I get asked a lot about why the various aggregators differ from one another. After all, we all start with the same polling information. Today I will give a general sketch of how and why we differ – and what I view as the strengths and weaknesses. I’ll restrict myself to organizations that I am more familiar with. It’s Sunday, so not that much math.

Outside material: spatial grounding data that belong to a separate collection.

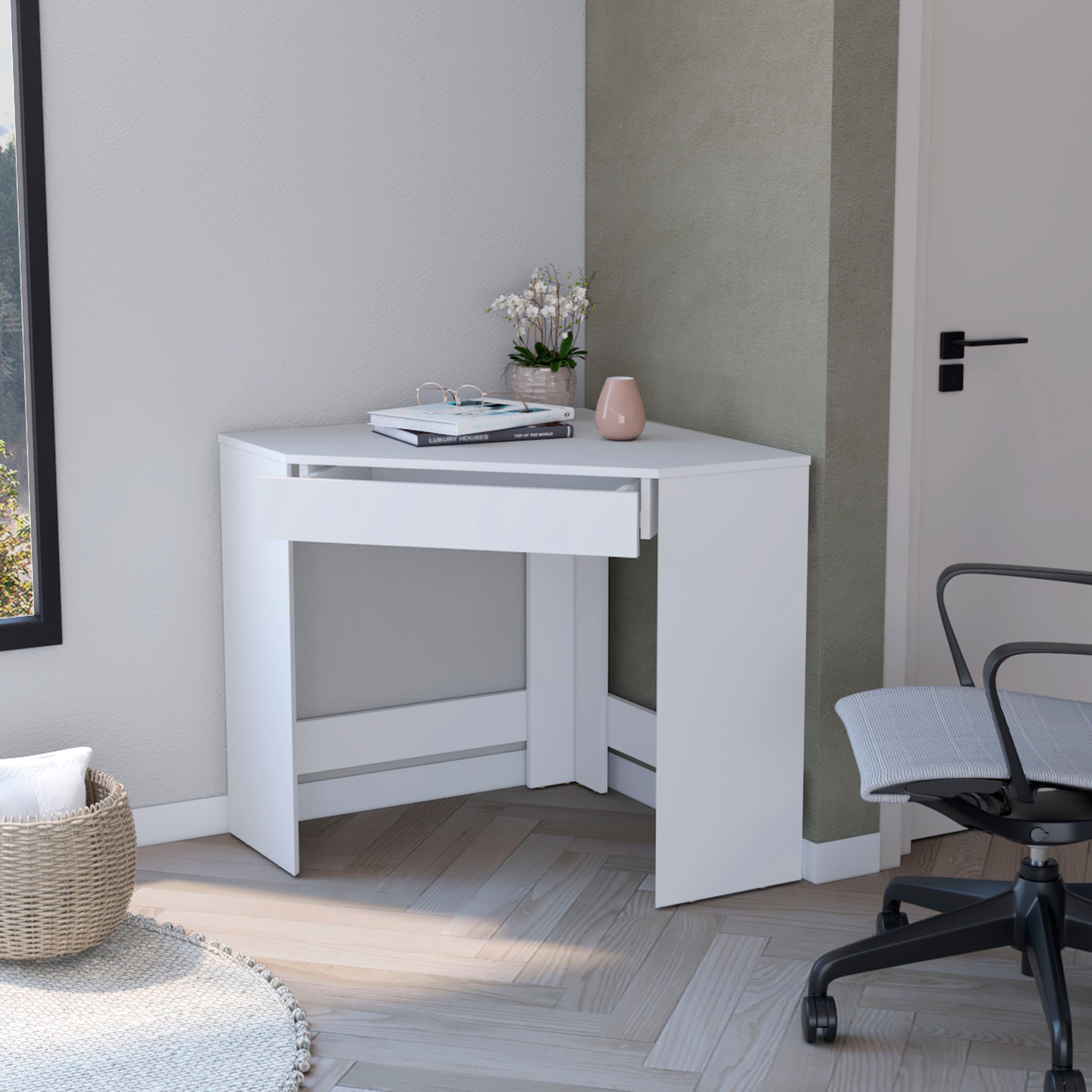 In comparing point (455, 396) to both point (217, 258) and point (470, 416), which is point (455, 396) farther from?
point (217, 258)

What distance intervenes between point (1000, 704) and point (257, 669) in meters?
1.40

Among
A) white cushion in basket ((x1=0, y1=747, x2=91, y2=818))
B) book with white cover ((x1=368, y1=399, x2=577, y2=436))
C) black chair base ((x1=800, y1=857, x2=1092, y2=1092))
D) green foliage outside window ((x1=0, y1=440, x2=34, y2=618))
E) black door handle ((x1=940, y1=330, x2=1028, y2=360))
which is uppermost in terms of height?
black door handle ((x1=940, y1=330, x2=1028, y2=360))

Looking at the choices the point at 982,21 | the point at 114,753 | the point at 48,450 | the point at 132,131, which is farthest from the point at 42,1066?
the point at 982,21

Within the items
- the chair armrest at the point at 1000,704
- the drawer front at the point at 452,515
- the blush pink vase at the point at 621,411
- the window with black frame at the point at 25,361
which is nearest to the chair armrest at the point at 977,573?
the chair armrest at the point at 1000,704

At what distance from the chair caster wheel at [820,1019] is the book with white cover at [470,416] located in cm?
112

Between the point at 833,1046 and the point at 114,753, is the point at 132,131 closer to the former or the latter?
the point at 114,753

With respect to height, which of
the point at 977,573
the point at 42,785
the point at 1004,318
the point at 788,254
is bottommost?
the point at 42,785

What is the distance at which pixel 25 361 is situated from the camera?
2.58 meters

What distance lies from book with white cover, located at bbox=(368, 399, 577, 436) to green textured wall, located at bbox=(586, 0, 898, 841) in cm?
33

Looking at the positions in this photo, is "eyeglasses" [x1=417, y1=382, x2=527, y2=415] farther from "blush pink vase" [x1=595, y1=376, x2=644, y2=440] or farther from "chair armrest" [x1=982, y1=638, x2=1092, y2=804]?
"chair armrest" [x1=982, y1=638, x2=1092, y2=804]

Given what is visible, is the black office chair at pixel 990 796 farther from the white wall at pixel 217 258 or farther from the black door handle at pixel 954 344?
the white wall at pixel 217 258

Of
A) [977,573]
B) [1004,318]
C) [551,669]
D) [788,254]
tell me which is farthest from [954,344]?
[551,669]

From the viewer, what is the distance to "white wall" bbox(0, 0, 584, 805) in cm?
259

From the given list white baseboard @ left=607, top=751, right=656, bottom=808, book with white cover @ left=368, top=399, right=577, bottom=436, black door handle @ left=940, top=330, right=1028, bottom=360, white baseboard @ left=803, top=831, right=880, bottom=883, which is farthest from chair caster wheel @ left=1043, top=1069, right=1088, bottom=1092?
book with white cover @ left=368, top=399, right=577, bottom=436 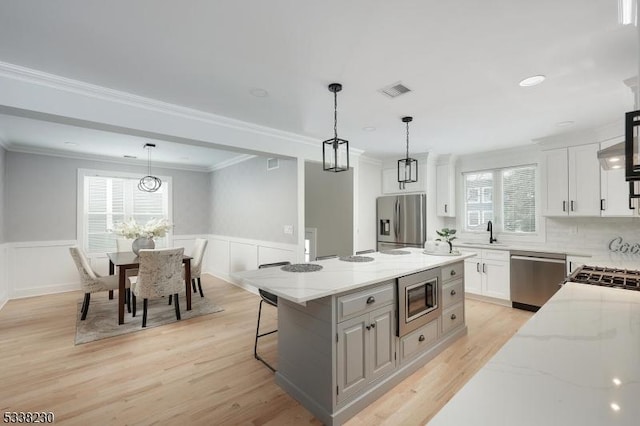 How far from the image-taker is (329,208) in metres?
5.70

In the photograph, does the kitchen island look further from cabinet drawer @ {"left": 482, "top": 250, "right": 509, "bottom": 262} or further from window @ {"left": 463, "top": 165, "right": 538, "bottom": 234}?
window @ {"left": 463, "top": 165, "right": 538, "bottom": 234}

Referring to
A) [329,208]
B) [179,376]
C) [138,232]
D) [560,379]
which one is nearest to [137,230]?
[138,232]

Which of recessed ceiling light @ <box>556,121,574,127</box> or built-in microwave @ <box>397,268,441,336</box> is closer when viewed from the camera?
built-in microwave @ <box>397,268,441,336</box>

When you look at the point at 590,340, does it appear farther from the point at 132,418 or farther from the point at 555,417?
the point at 132,418

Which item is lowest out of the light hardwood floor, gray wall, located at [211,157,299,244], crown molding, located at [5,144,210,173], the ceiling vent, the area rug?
the light hardwood floor

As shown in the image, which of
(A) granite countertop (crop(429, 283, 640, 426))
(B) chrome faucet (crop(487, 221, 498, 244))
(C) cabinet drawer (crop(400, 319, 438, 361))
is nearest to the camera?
(A) granite countertop (crop(429, 283, 640, 426))

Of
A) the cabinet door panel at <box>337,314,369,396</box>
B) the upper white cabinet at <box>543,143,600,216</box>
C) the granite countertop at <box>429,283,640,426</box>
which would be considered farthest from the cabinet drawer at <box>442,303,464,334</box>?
the upper white cabinet at <box>543,143,600,216</box>

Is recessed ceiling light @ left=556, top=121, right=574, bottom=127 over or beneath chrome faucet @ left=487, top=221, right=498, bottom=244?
over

The two big distinctions to make among the various approaches are:
(1) Do we use polls only, or do we bring in predictive indicators (e.g. economic variables)? There are many “pure aggregators”: Electoral-vote.com, Electionprojection.com, Pollster.com,and RealClearPolitics. If what you want is polls only, any of these sites are good. The Princeton Election Consortium uses polls only, and gets them from Pollster.com. A few online prognosticators bring in economic variables too, most prominently FiveThirtyEight and Votamatic.

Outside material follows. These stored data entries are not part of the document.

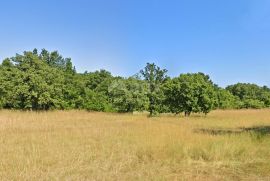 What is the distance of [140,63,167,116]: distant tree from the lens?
40.0 m

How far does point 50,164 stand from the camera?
28.5ft

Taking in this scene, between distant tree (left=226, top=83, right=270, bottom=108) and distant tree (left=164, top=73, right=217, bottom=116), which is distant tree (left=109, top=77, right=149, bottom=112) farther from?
distant tree (left=226, top=83, right=270, bottom=108)

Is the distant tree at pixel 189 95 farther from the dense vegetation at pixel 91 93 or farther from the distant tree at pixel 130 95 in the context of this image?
the distant tree at pixel 130 95

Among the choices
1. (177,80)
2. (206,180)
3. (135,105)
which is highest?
(177,80)

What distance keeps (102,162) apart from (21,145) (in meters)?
4.31

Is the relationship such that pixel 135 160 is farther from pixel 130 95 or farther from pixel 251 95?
pixel 251 95

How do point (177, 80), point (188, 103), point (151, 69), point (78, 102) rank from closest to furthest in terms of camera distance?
point (188, 103) < point (177, 80) < point (78, 102) < point (151, 69)

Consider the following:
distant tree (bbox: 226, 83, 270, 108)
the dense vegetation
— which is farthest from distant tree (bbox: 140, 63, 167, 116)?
distant tree (bbox: 226, 83, 270, 108)

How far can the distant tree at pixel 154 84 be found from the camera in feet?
131

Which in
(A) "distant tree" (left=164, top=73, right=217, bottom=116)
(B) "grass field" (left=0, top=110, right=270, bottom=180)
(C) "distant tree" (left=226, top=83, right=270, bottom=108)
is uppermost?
(C) "distant tree" (left=226, top=83, right=270, bottom=108)

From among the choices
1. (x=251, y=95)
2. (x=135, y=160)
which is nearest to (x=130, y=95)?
(x=135, y=160)

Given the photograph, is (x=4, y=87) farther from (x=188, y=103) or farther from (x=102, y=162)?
(x=102, y=162)

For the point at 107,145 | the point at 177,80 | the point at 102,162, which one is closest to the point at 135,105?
the point at 177,80

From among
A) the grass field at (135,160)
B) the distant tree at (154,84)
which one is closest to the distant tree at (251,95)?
the distant tree at (154,84) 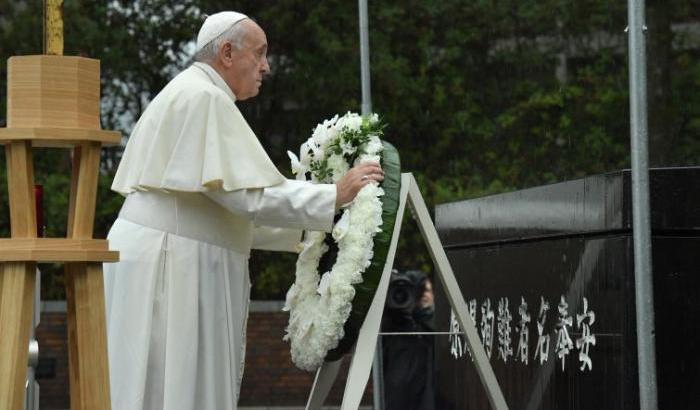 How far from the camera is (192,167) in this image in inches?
199

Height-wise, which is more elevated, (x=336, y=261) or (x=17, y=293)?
(x=336, y=261)

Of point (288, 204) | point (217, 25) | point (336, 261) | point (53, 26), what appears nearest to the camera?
point (53, 26)

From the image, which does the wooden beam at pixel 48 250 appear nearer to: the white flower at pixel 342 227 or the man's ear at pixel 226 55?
the white flower at pixel 342 227

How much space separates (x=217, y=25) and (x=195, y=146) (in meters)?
0.46

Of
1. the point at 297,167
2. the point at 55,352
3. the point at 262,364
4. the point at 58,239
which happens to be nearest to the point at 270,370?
the point at 262,364

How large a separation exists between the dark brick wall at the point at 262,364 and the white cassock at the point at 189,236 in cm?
1257

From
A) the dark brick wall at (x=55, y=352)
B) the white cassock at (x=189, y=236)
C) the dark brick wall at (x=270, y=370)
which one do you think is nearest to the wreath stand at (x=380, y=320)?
the white cassock at (x=189, y=236)

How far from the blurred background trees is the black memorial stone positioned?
0.17 m

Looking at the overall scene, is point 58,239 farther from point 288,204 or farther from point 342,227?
point 342,227

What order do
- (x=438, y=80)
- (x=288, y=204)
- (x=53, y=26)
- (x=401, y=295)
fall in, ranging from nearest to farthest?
(x=53, y=26) < (x=288, y=204) < (x=438, y=80) < (x=401, y=295)

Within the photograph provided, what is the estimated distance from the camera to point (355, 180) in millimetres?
5027

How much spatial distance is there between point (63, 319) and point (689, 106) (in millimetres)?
13919

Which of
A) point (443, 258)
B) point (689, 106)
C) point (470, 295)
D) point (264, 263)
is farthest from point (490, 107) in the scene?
point (264, 263)

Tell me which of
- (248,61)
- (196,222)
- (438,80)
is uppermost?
(438,80) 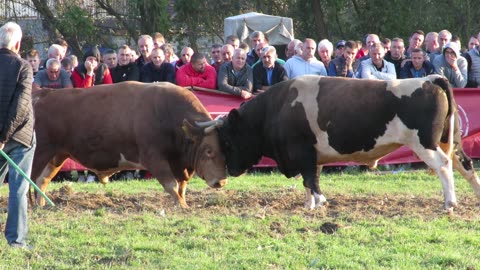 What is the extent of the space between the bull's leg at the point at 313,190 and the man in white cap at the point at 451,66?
15.8ft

(2) Do we take a snapshot of current conditions only, or do we attempt a future prediction? I’ll review three organizations that have been making predictions all season: FiveThirtyEight, Votamatic, and the Princeton Election Consortium.
I’m leaving out political scientists who use predictors only, such as Alan Abramowitz, Ray Fair, and the University of Colorado people. As I’ve written, I categorize their models as tools to test ideas about how voting preferences are shaped. All of them do well at “post-dicting” past events. They might get the next election right, but if they don’t…so what? Make another model. This activity is research, with emphasis on the “search.” There’s nothing at all wrong with it. But it’s most useful before the election season starts. In the storm, you want the person with the instruments, not the person with the almanac.
I’ll go through the various models, going gradually farther away from polling data.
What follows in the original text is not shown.